Features

UC Downtown Hotel Project Moves Closer to Reality

By Richard Brenneman
Tuesday June 06, 2006

UC Berkeley’s plans for a high-rise hotel and conference center in downtown Berkeley are moving closer to reality, a university official said Monday. 

“There’s nothing signed yet, but we are in general agreement on the broad issues,” said UC Capital Projects Senior Planner Kevin Hufferd. 

Carpenter and Company, the Boston developer working with the university on the project, has scheduled a June 14 reception to unveil their preliminary plans. 

“We are committed to designing the downtown hotel/conference center consistent with the Berkeley Planning Commission Task Force recommendations,” wrote company President Dick Friedman in a letter to City Councilmember Kriss Worthington.  

The task force he cited was the UC Hotel Task Force, set up by the Planning Commission to offer guidelines for the project, planned for the northeast corner of Shattuck Avenue and Center Street. 

“There’s been no formal application,” said Berkeley Planning Director Dan Marks. “We’ve had some informal conversations, and we have suggested they need to fold the project into the downtown planning process.” 

Carpenter and Company has already picked a name for the new facility—the Berkeley Charles Hotel, named for Charles Square in Boston, where the company has headquartered. 

“We are very excited about this opportunity and want to share our enthusiasm with you and other community leaders,” Friedman wrote. 

During the June 12 reception and conference in the Berkeley Rep’s Roda Theatre, Friedman said his company would be “introducing our team and company background as well as our vision of the Berkeley Charles Hotel.” 

Marks said the hotel project would need several zoning ordinance modifications, “and if they want those, they need to engage in the downtown planning process.” 

That process, embodied in the Downtown Area Plan Advisory Committee, is currently engaged in shaping a new plan for an expanded downtown area. 

That plan is mandated as one of the terms of the settlement of a city lawsuit filed against the university’s Long Range Development Plan for 2020, which includes a massive expansion of university use in the downtown. 

The hotel complex would be located at the site of the current Bank of America branch. 

Hufferd agreed. “This has to work through the planning process,” he said. 

If approved, the project would add a third highrise to the intersection that already houses Berkeley’s two tallest commercial buildings, the Wells Fargo Bank and Power Bar buildings on the western side of Shattuck.
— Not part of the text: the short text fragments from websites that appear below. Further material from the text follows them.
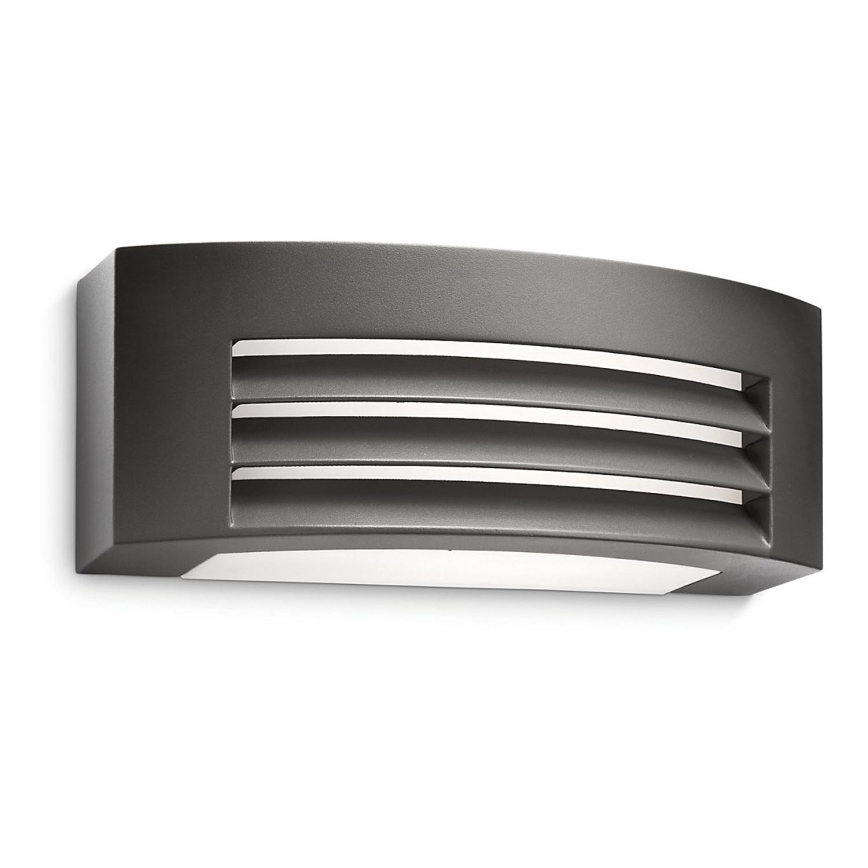 Philips - Ulkoseinävalaisin FRAGRANCE 1xE27/42W/230V IP44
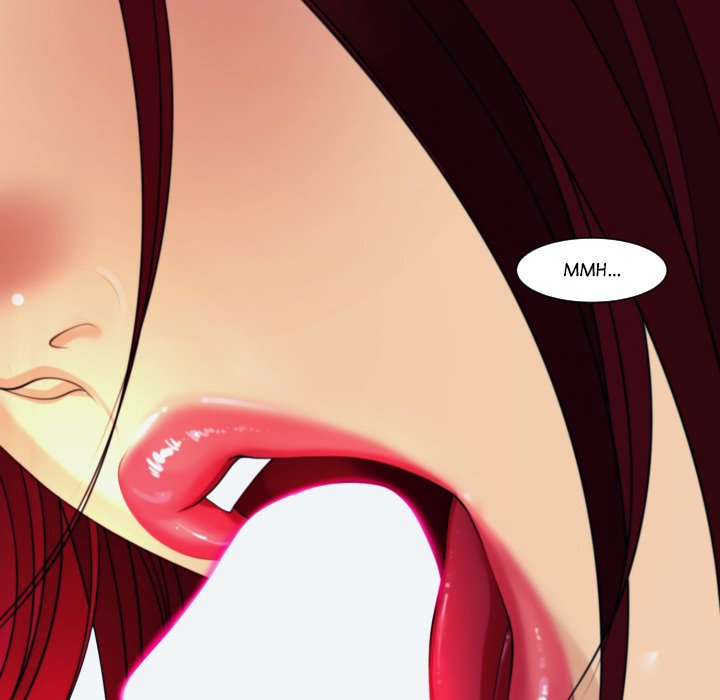 Old Life Behind chapter 24 page 166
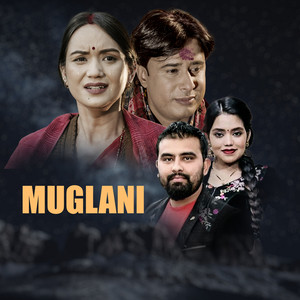 Prakash Sharma, Ganesh Adhikari & Shanti Shree Pariyar - Muglani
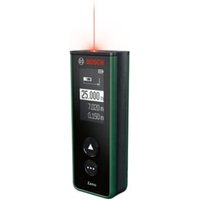 Bosch Digitaler Laser-Entfernungsmesser Zamo 4 von Bosch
Another high-rise, the nine-story Berkeley Arpeggio condos, is scheduled to rise soon in the middle of the block of Center Street immediately to the west. 

“I’m not sure when there’ll actually be a ground-breaking,” said Hufferd. “There’s still a lot to work out.” 

Carpenter and Company has worked closely with Starwood Resorts, the parent company of the firm, which is the planned operator of another hotel planned for downtown Berkeley, the revamped Shattuck Hotel, also on Shattuck a block to the south.